Kaixhin / Rainbow

Rainbow: Combining Improvements in Deep Reinforcement Learning
MIT License
1.59k stars 284 forks source link

Montezuma's revenge - has this been tried using this codebase? #85

Open sunchipsster1 opened 2 years ago

sunchipsster1 commented 2 years ago

Hello! And thank you so much for this wonderful resource :) :)

I am currently working on montezuma's revenge, and have been trying to use your awesome codebase to better understand baselines that have been reported to work for montezuma's (e.g. Rainbow). I really enjoy your codebase because it is written in Pytorch rather than tensorflow or jax.

However, I have been unable to reproduce the reported result in the paper that Montezuma's should learn > 400 reward on rainbow, as I have not been able to get > 0 reward at all for any seeds.

I have been running: python -u main.py --replay-frequency 1 --architecture canonical --game montezuma_revenge --reward-clip 1 --max-episode-length 1000000 --replay-frequency 16 --target-update int(3.2e4) --learn-start int(100e3)
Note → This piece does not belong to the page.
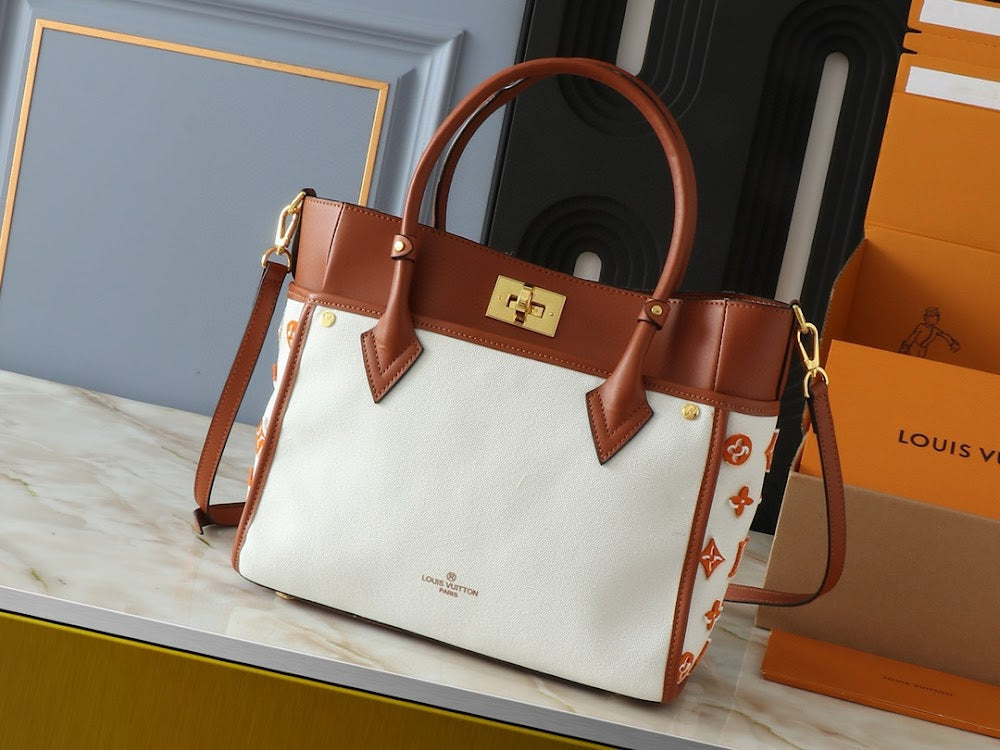 Anum Bags LVn Luxury Bag --80104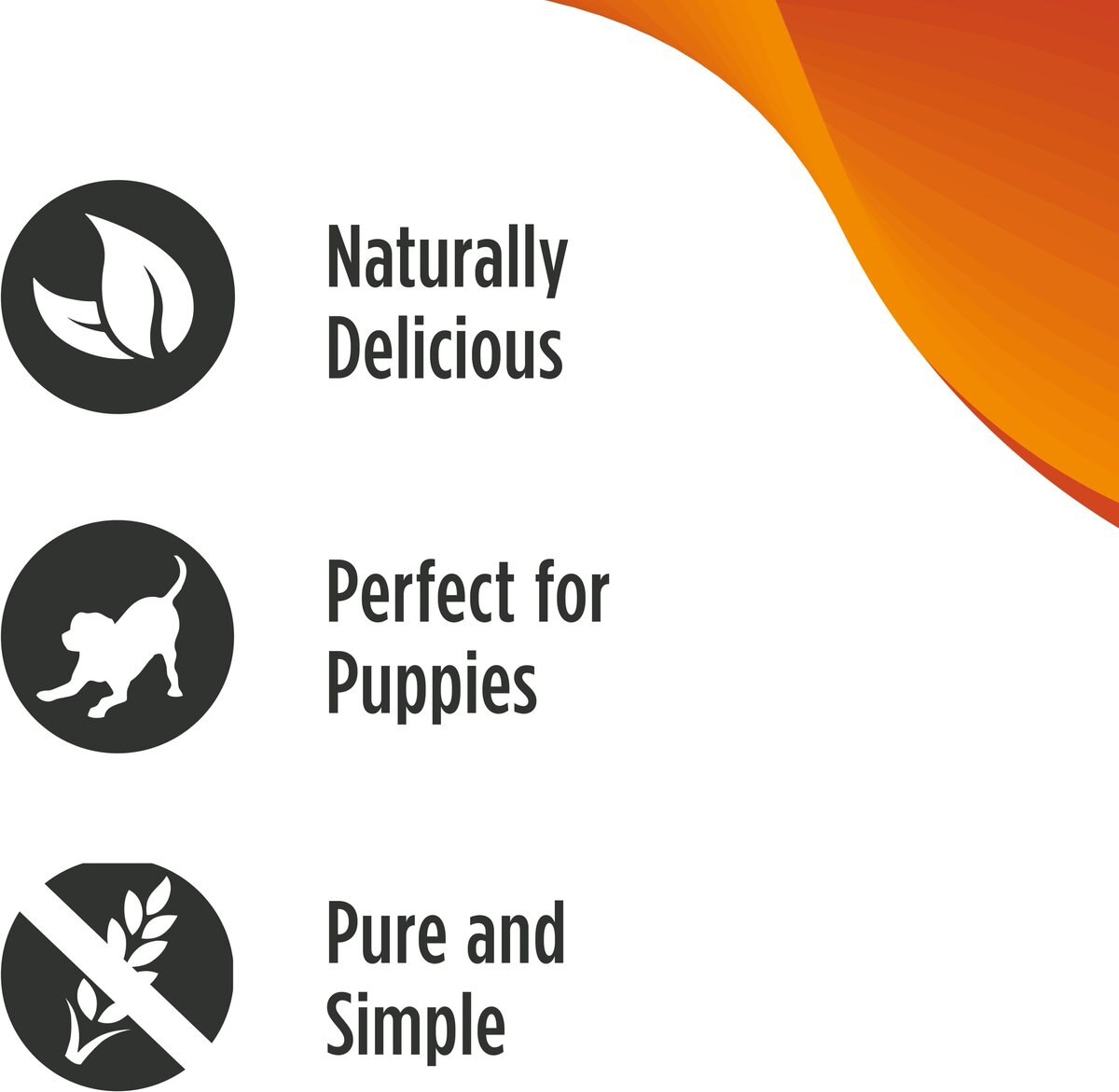 Nulo Freestyle Turkey Grain-Free Dog Training Treats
Have you gotten rainbow to work on Montezuma (get > 0 reward), and what hyperparameters did you use? Thank you so much in advance for your kind help! :)

Kaixhin commented 2 years ago

Back when I did release v1.3, as stated, I was unable to achieve any reward on Montezuma's Revenge (the only other result I couldn't match was on H.E.R.O.). However, there were a few changes to the codebase since, which hopefully might allow learning to happen.

I noticed that you are running with several hyperparameters that are different to the original paper. All you should need is python --game montezuma_revenge (with different seeds). So I would recommend trying that with a few seeds.